▶ Data extract
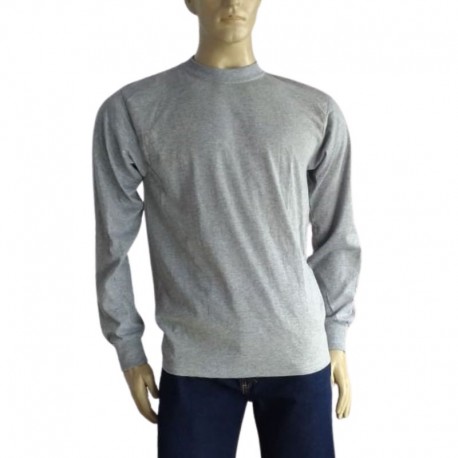 Camibusos tshirt cuello redondo manga larga color gris claro 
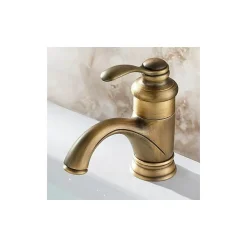 Robinet De Baignoire|Deko Robinet de baignoire rétro antique, mitigeur de lavabo européen chaud et froid, finition bronze, bouilloire rétro, jet brossé
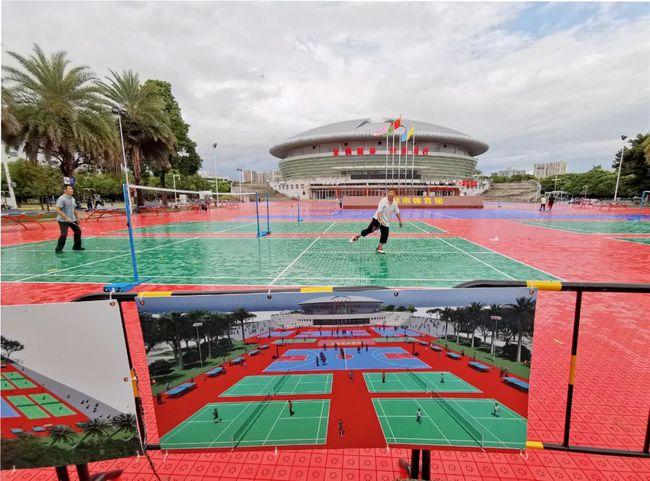 玉林市体育馆广场"换装",22个球场免费开放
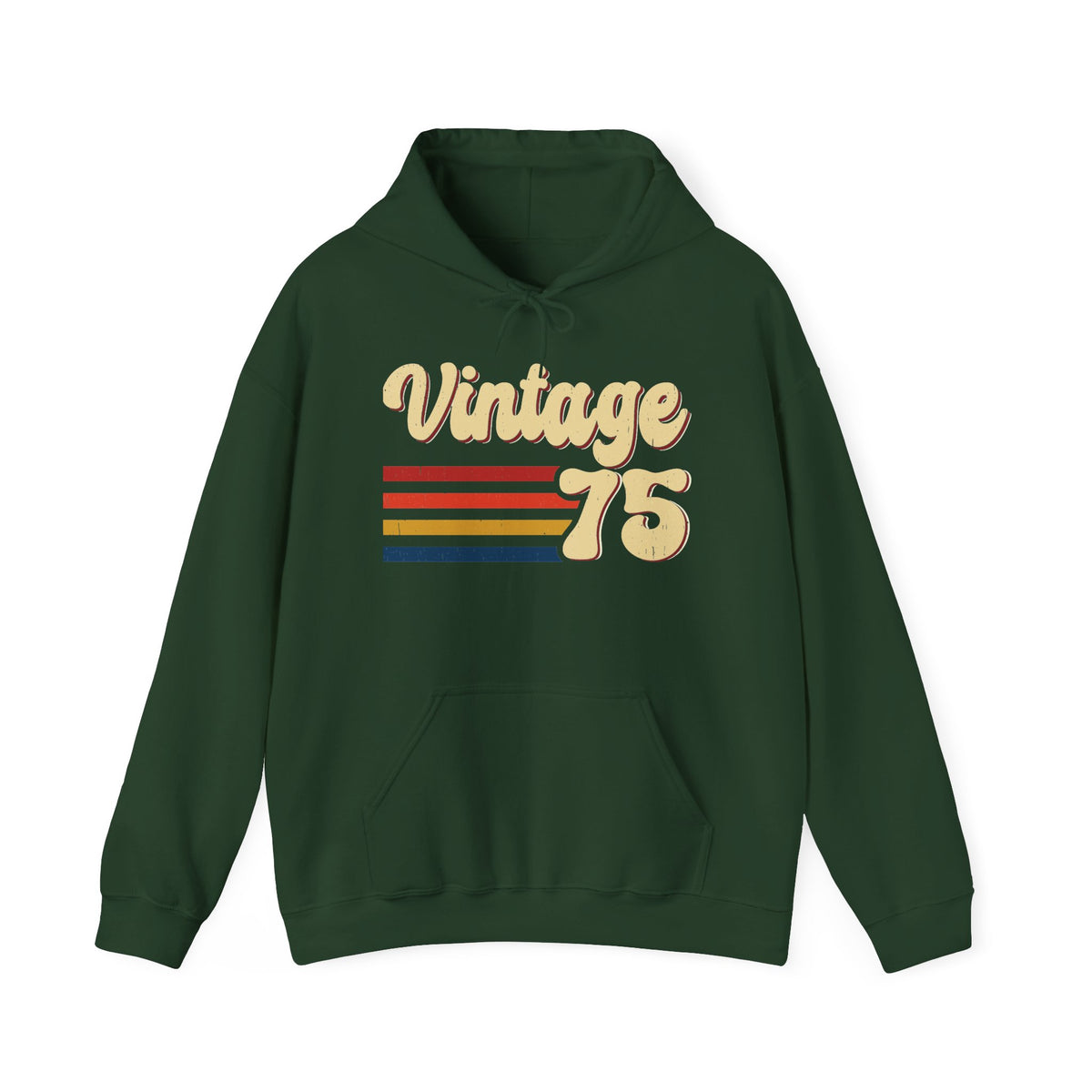 Forest Green Vintage 75 retro stripes hoodie, front view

▶ What is required
Leave the pictures out and output all of the data verbatim.

▶ Exercise solution
 Camibusos tshirt cuello redondo manga larga color gris claro 
 Robinet De Baignoire|Deko Robinet de baignoire rétro antique, mitigeur de lavabo européen chaud et froid, finition bronze, bouilloire rétro, jet brossé
 玉林市体育馆广场"换装",22个球场免费开放
 Forest Green Vintage 75 retro stripes hoodie, front view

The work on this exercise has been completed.